What the exercise asks: The expected answer is the data below, printed verbatim without its pictures.

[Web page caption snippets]
**********
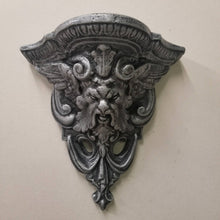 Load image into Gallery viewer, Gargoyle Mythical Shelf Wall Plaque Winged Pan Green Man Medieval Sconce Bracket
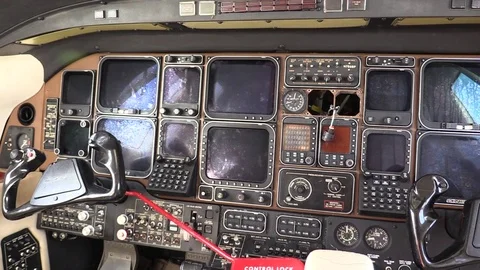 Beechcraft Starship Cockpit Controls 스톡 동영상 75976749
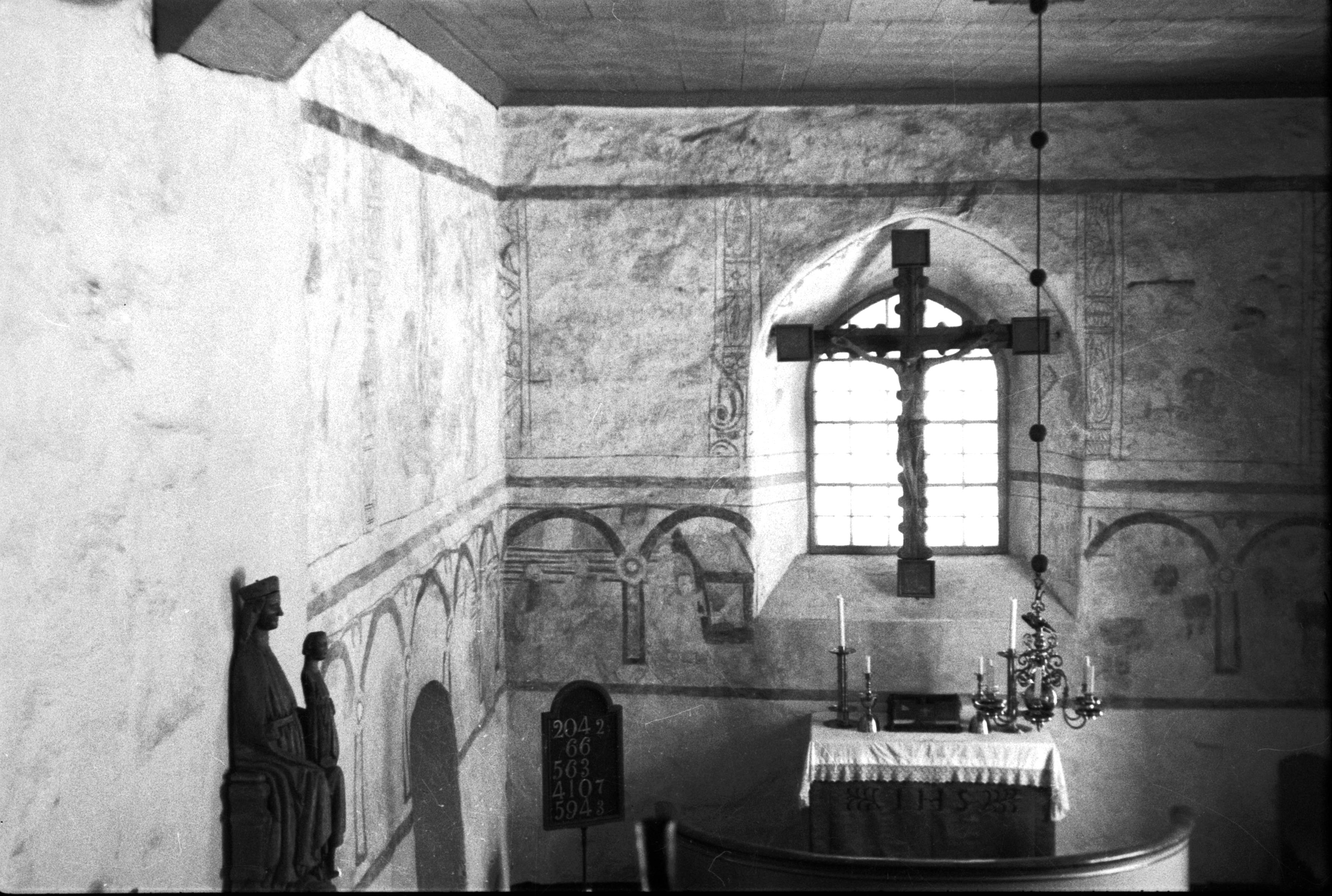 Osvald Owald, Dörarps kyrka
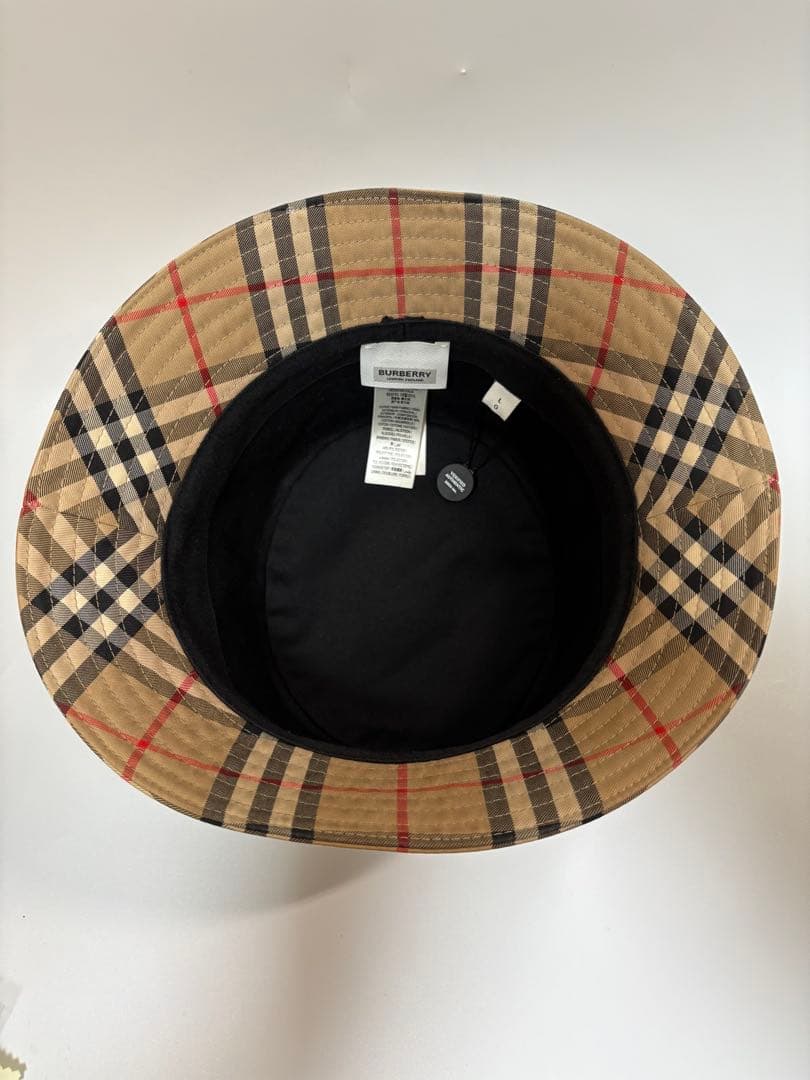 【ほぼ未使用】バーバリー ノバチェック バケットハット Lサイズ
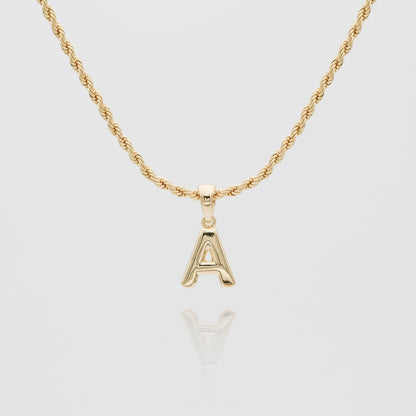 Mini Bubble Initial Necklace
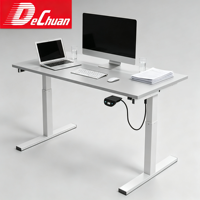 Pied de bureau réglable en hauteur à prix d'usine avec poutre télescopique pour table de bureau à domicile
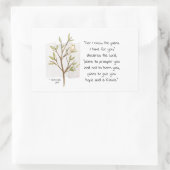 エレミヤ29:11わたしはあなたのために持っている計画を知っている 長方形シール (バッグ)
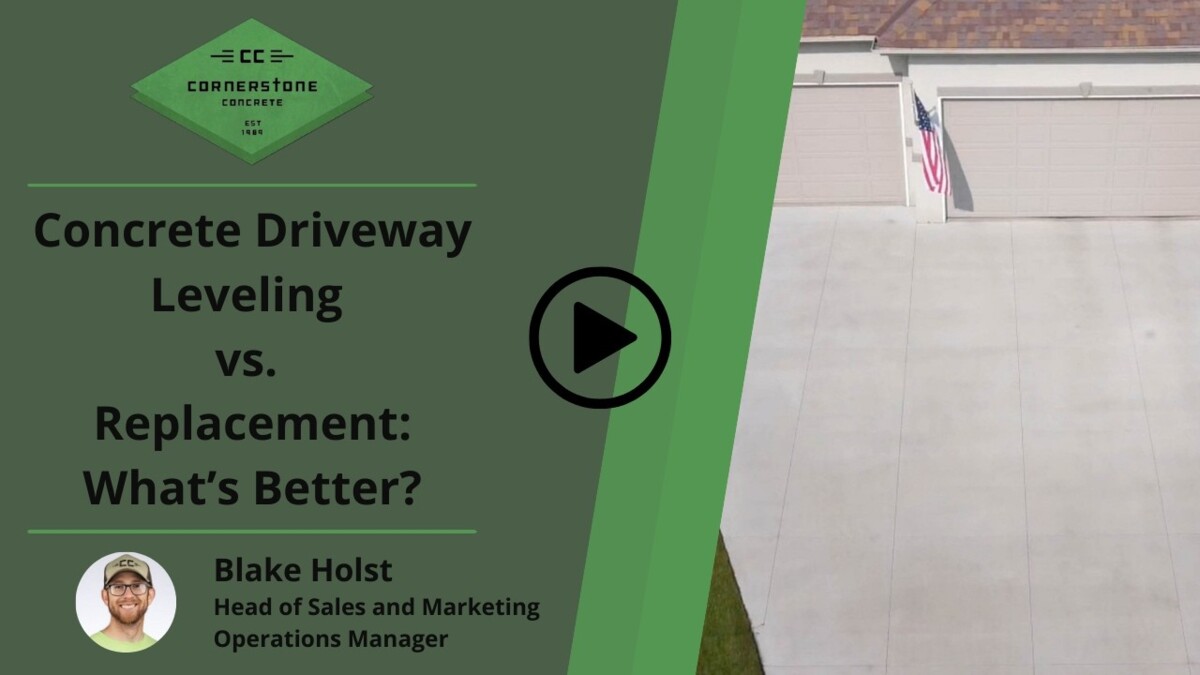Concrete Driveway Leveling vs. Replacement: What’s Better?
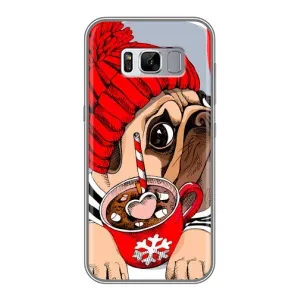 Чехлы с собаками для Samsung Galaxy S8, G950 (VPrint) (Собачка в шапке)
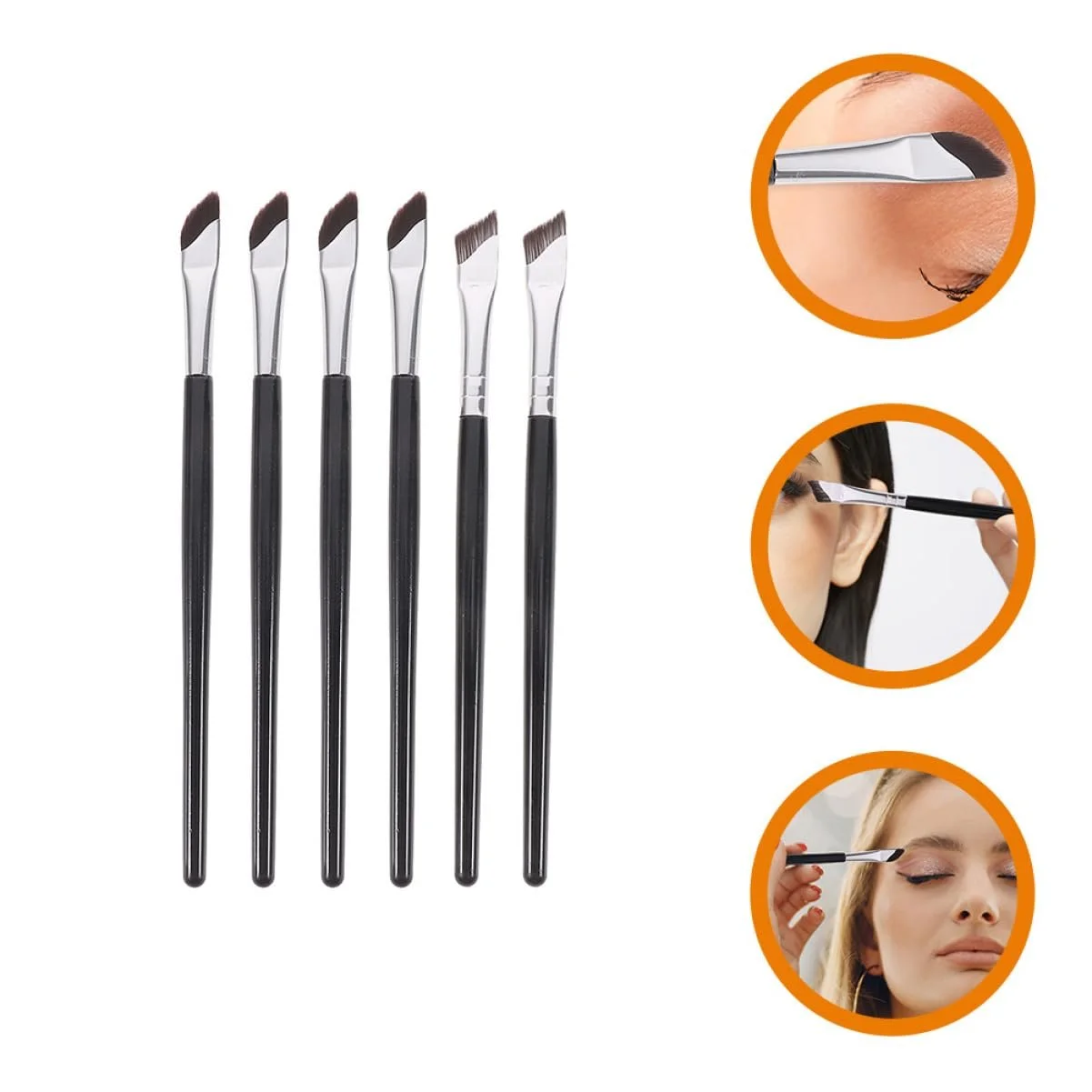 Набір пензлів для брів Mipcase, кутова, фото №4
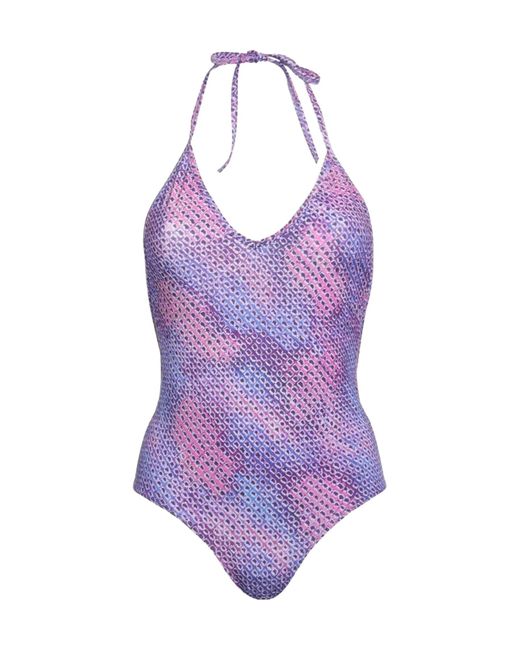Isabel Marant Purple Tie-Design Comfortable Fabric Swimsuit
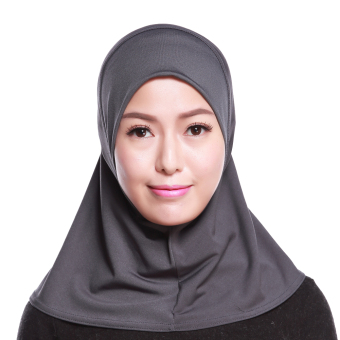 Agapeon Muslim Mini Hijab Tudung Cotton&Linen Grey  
**********
Written answer:
 Load image into Gallery viewer, Gargoyle Mythical Shelf Wall Plaque Winged Pan Green Man Medieval Sconce Bracket
 Beechcraft Starship Cockpit Controls 스톡 동영상 75976749
 Osvald Owald, Dörarps kyrka
 【ほぼ未使用】バーバリー ノバチェック バケットハット Lサイズ
 Mini Bubble Initial Necklace
 Pied de bureau réglable en hauteur à prix d'usine avec poutre télescopique pour table de bureau à domicile
 エレミヤ29:11わたしはあなたのために持っている計画を知っている 長方形シール (バッグ)
Concrete Driveway Leveling vs. Replacement: What’s Better?
 Чехлы с собаками для Samsung Galaxy S8, G950 (VPrint) (Собачка в шапке)
 Набір пензлів для брів Mipcase, кутова, фото №4
Isabel Marant Purple Tie-Design Comfortable Fabric Swimsuit
 Agapeon Muslim Mini Hijab Tudung Cotton&Linen Grey  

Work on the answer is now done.